#### THE RECORDS

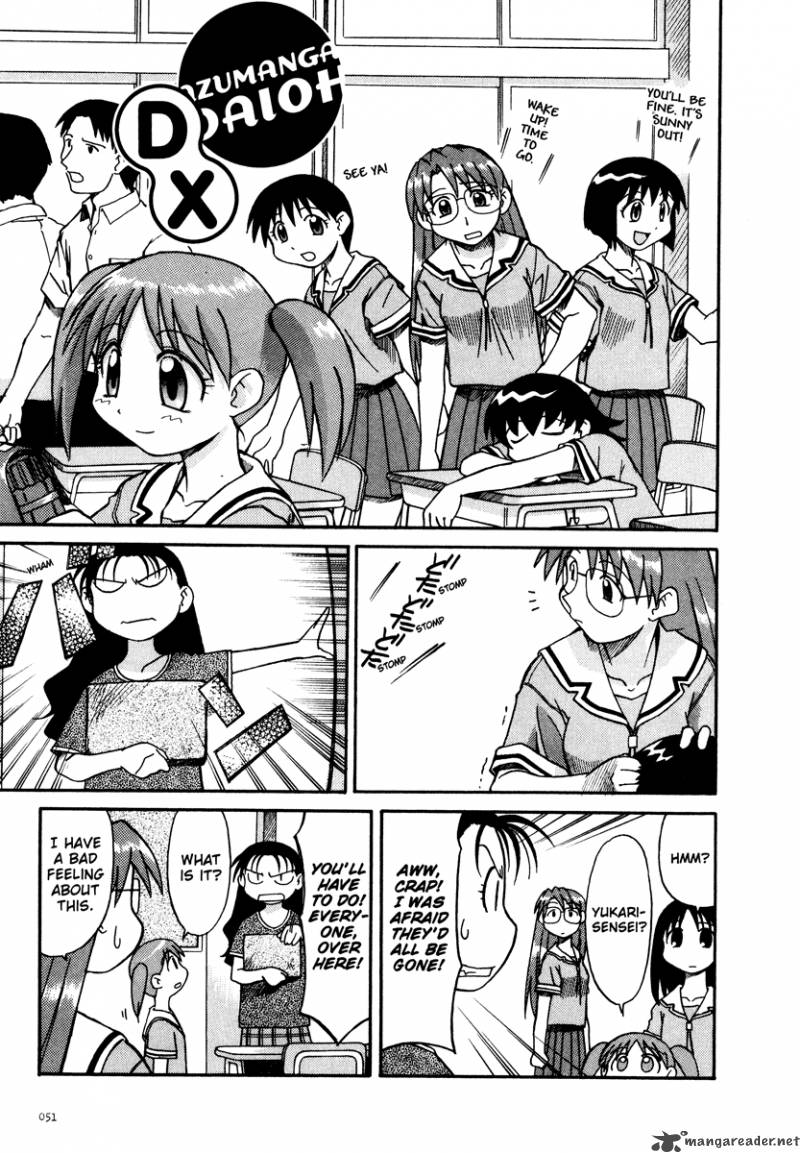 Azumanga Daioh 1 52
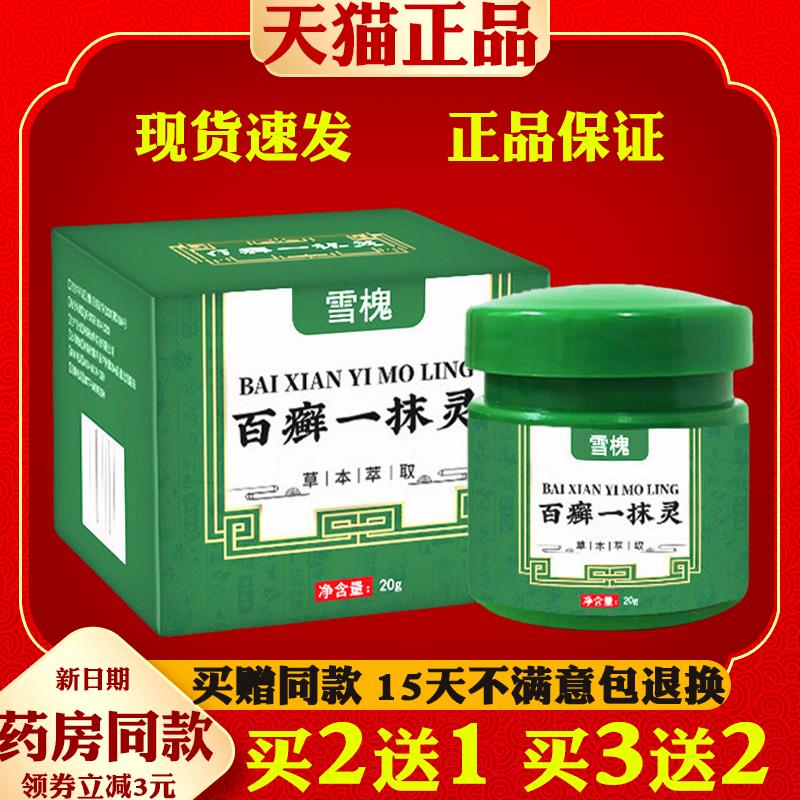 雪槐百癣一抹灵皮肤草本抑菌膏手足藓百癣膏四季止痒膏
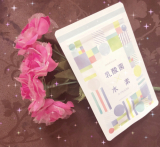 「お腹がスッキリ！」の画像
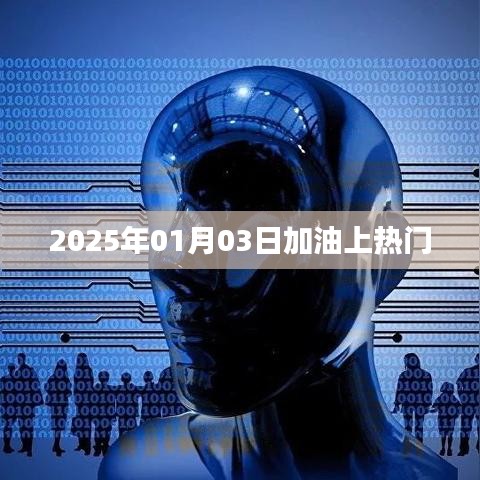張皇鋪飾 第2頁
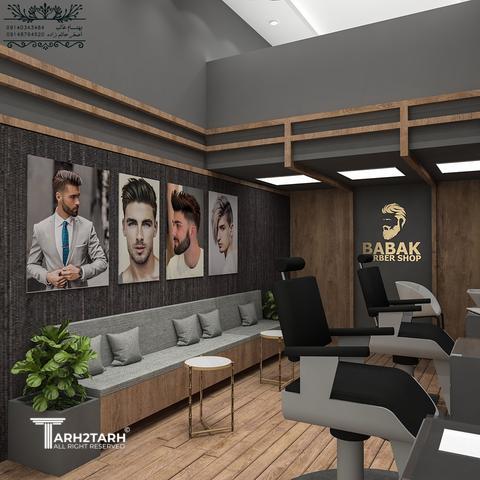 طراحی داخلی پیرایش بابک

#### EXERCISE DIRECTIONS
Omit the pictures and retype exactly the lines from the one containing "雪槐百癣一抹灵皮肤草本抑菌膏手足藓百癣膏四季止痒膏" through the end of the entries above.

#### ANSWER BELOW
 雪槐百癣一抹灵皮肤草本抑菌膏手足藓百癣膏四季止痒膏
 「お腹がスッキリ！」の画像
張皇鋪飾 第2頁
 طراحی داخلی پیرایش بابک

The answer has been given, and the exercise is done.